Bauphasen – Darstellung am Grundriss

Mit der ersten urkundlichen Erwähnung im Jahr 961 ist die Stadt Wurzen einer der ältesten Orte im Freistaat Sachsen. Die Schenkungsurkunde Kaiser Ottos I. erwähnt den Burgward von Wurzen („civitas vurcine“). Die Stadt liegt an der Via Regia, deren Verlauf teilweise identisch mit dem ökumenischen Jakobspilgerweg ist. Die Burg entstand auf einer felsigen Anhöhe am rechten Muldenufer und wurde zum Bischofssitz, als Bischof Johann VI. von Sahlhausen seine Residenz von Meißen nach Wurzen verlegte.

Unmittelbar neben der Burg, dem heutigen Schloss, entstand die Kollegiatstiftskirche, der heutige Dom St. Marien. Die mittelalterliche Kirche diente den Kapitularen als Gebetsraum und zur Feier der heiligen Messe. Das Wurzener Kollegiatstift im neukolonialisierten Gebiet, an der Grenze zum Merseburger Land gelegen, besaß große Bedeutung für die Ausbreitung des christlichen Glaubens. Seit der Zeit, in der die Bischöfe von Meißen in Wurzen residierten, also Anfang des 16. Jahrhunderts, wird die Stiftskirche als Dom bezeichnet. Noch bis zur Auflösung des Bistums Meißen 1581 residierten im Schloss die katholischen Bischöfe. Bischof Johann IX. von Haugwitz resigniert zu Gunsten des Kapitels und der sächsische Kurfürst wird neuer Stiftsherr.

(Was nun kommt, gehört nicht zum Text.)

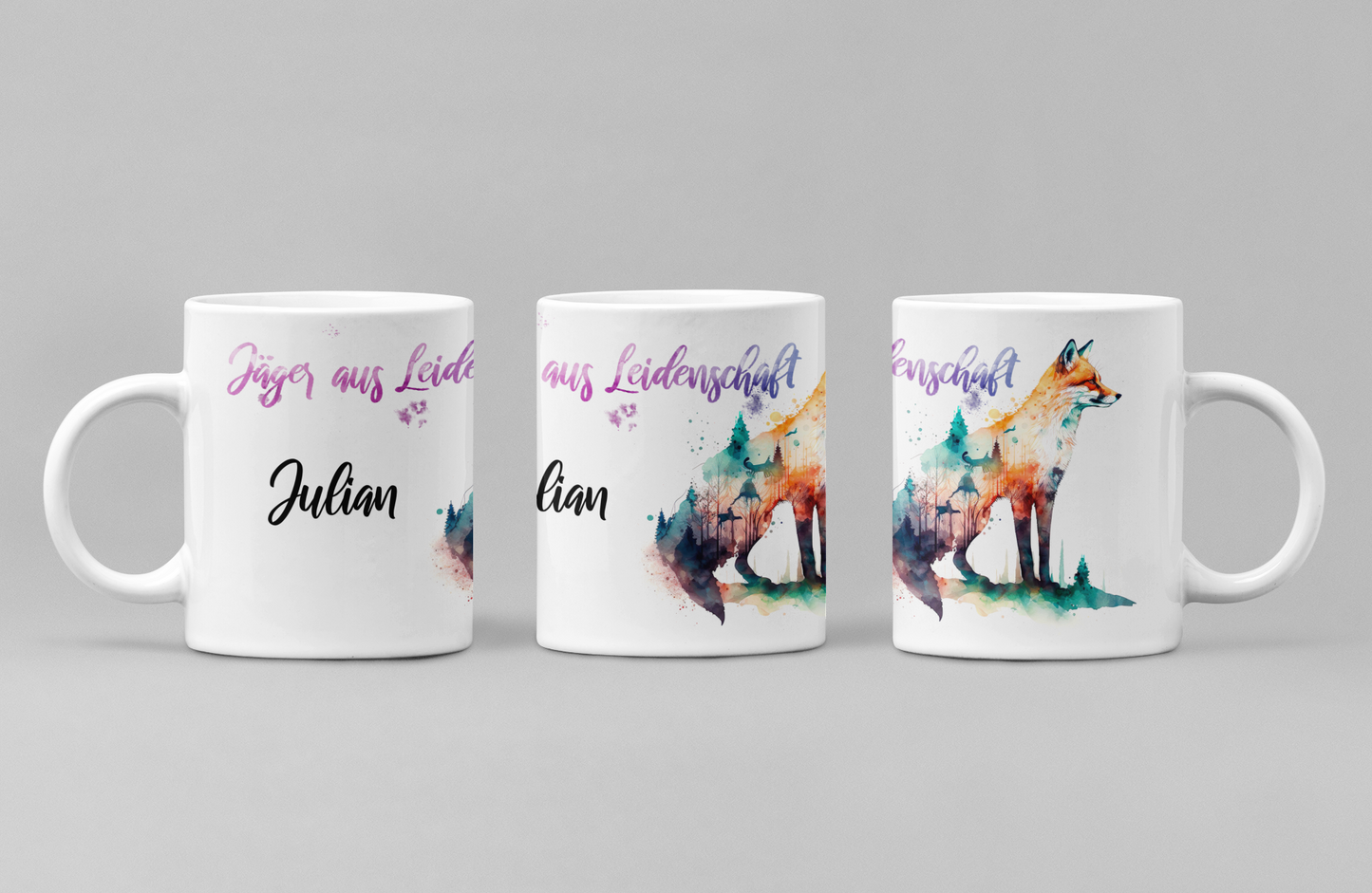 "Jäger aus Leidenschaft" Tasse aus Keramik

Bischof Herwig von Meißen weihte die Kollegiatstiftskirche 1114 zu Ehren der Jungfrau Maria. Ob sich Reste dieser Kirche noch im heutigen Bau erhalten haben, ist nicht geklärt. Die älteste erhaltene Bausubstanz des Domes stammt ebenfalls aus romanischer Zeit. Das Langhaus der ehemals flach gedeckten Pfeilerbasilika entsprach ungefähr dem heutigen. Die nördlichen Pfeiler und Arkaden der alten Kirche sind im jetzigen Bau erhalten und gut erkennbar. Inwieweit die beiden Türme bereits romanischen Ursprungs sind, ist noch unklar.

Um 1260 errichtete man einen anspruchsvollen hochgotischen Langchor im Osten. Er besteht aus vier Jochen und besaß starke Strebepfeiler, die am Außenbau teilweise noch sichtbar sind. Um 1300 wurde das Südseitenschiff erhöht. Eine einheitliche Wölbung erhielt die Kirche wohl erst um 1400.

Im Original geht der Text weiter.